Gerd Müller trifft fast gegen jeden Gegner
15. November
Lange Gesichter im Grünwalder. Im Spitzenspiel verliert Bayern gegen Tabellenführer 1. FC Köln 1:2. Das Tor macht – natürlich – Müller (48.) zum Ausgleich.
Trotzdem steht er in der Kritik. Der kicker schreibt: „Seine Nebenleute suchten ihn, aber er bewegte sich zu wenig. Der angeknackste Müller hat Ladehemmung.“ Beinahe grotesk angesichts der Serie und der Tatsache, dass er die Torschützenliste deutlich anführt.
Es folgt ein spielfreies Wochenende, danach in Hannover (1:0) fehlt Müller wegen einer Oberschenkelzerrung.
6. Dezember
An Nikolaus 1969 liegt Schnee in München, für Müller kein Hindernis. Zum 2:1 gegen den HSV steuert er beide Tore bei (30., 86.), während auf den Stehrängen ein Starschnitt in Lebensgröße von Müller zu sehen ist. Ein ganz besonderer Müller-Fan hat ihn gebastelt und präsentiert ihn stolz. „Der HSV hatte keinen Gerd Müller!“, erklärt der kicker das Ergebnis auf einleuchtende Weise.
13. Dezember
Ärgerlicher Punktverlust in Oberhausen (3:3), wo Müller das 2:1 (37.) erzielt und den Elfmeter zum 3:2 herausholt.
Das letzte Vorrundenspiel gegen Schalke fällt dem Winter zu Opfer. Mit 17 Saisontoren feiert Müller Weihnachten. Schärfster Verfolger: Herbert Laumen (Gladbach/11 Tore).

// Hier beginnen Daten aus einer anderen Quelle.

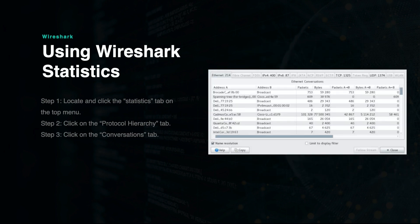The Conversations tab provides a descriptive explanation of the packets captured. This can help you to understand the flow of network traffic from which source to which destination and how much data was transferred.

Mit Start der Rückrunde werden Müllers Tore „gemeinnützig“. Ein Uhrenhersteller spendet für jedes Tor 1000 DM an die Deutsche Sporthilfe. Die Aktion startet mit Verzögerung, die ersten drei Spiele der Bayern fallen aus – der Winter 1969/70 ist ein besonders strenger.
31. Januar
Gegen Kaiserslautern holpern die Bayern ins neue Jahrzehnt. In München gibt es nur ein 1:1 gegen Kaiserslautern. Den Punkt rettet Müller, der vor dem Ausgleich (55.) Kollege Rainer Ohlhauser den Ball vom einschussbereiten Fuß nimmt und seine einzige Torchance eiskalt nutzt. Seine Torgier immerhin hat er ins Jahr 1970 hinübergerettet.
7. Februar
Vom „Germanico“ spricht man noch lange nicht, ein Duell mit Dortmund ist damals noch kein Klassiker. 25.000 sehen im Stadion Rote Erde ein einseitiges Spiel, das der Favorit viel zu niedrig gewinnt. Alle Tore beim 3:1: Müller! Gegenspieler Klaus Brakelmann wird entnervt ausgewechselt. Müller, der nun Beatle-Look (Pilzkopf-Frisur) trägt, gesteht: „Ich freue mich wie ein Rohrspatz.“
14. Februar
Immer noch liegt hoher Schnee, „was spielerisch starken Mannschaften wie uns nicht gelegen kommt“, befindet Bayern-Trainer Branko Zebec. Gegen Eintracht Braunschweig verschlafen die Münchner prompt den Start, doch aus dem frühen Rückstand wird ein souveränes 5:1. Müller staubt beim 2:1 sogar per Kopf ab (42.) und besorgt nach Ohlhausers Vorlage das entscheidende 4:1 (62.).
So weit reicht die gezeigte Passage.